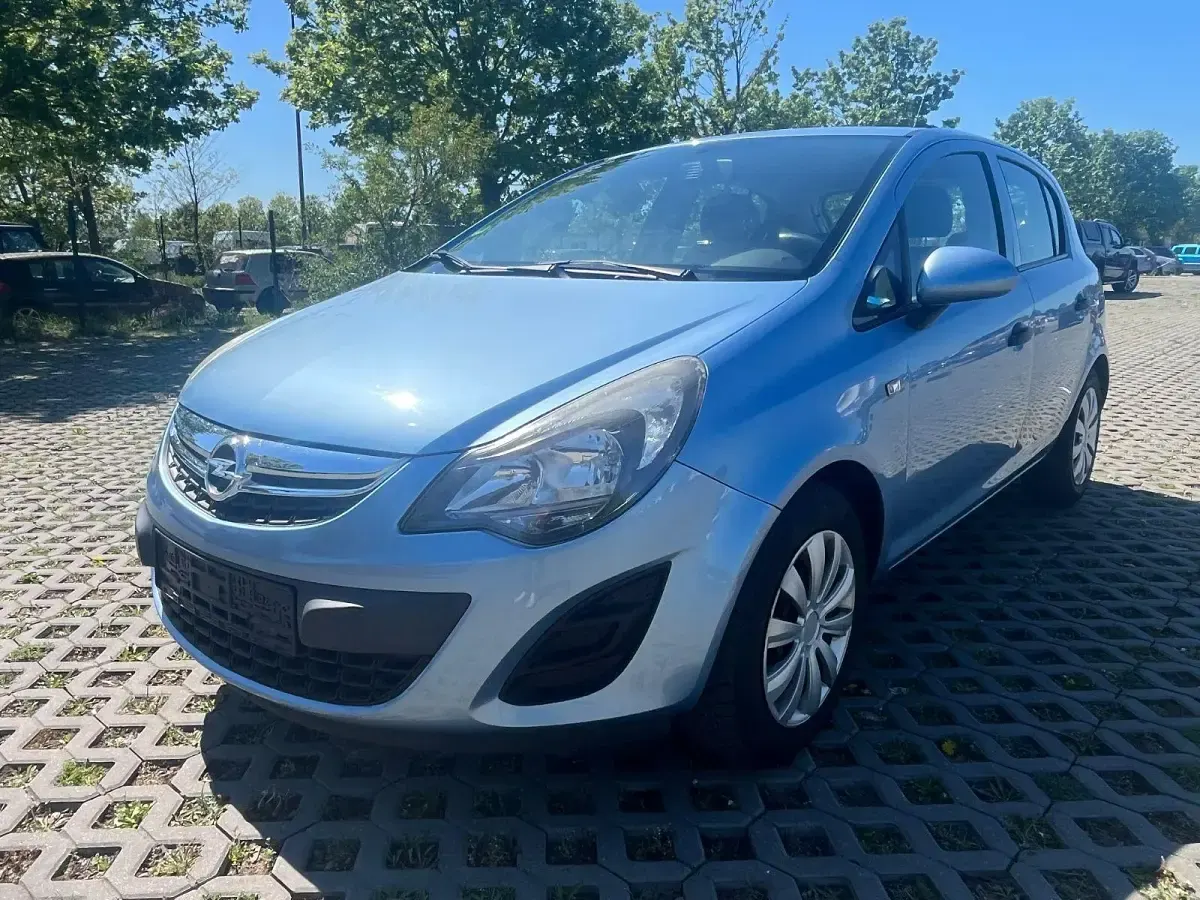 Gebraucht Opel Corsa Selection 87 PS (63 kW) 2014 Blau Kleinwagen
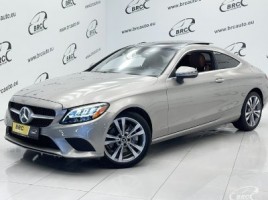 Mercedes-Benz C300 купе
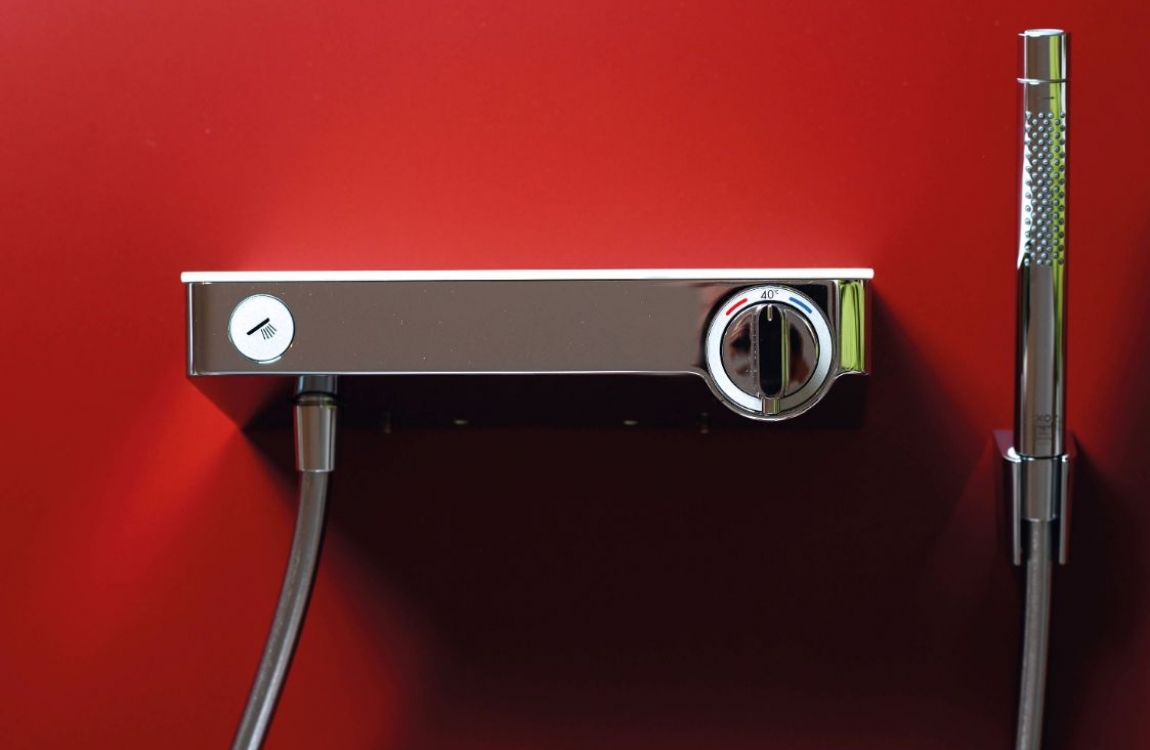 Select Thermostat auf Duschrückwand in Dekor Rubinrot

§ Task to complete
Each line from the one containing "Mercedes-Benz C300 купе" through the last line of the data should be written out exactly. Skip the pictures, and add no other lines.

§ Result of the task
 Mercedes-Benz C300 купе
 Select Thermostat auf Duschrückwand in Dekor Rubinrot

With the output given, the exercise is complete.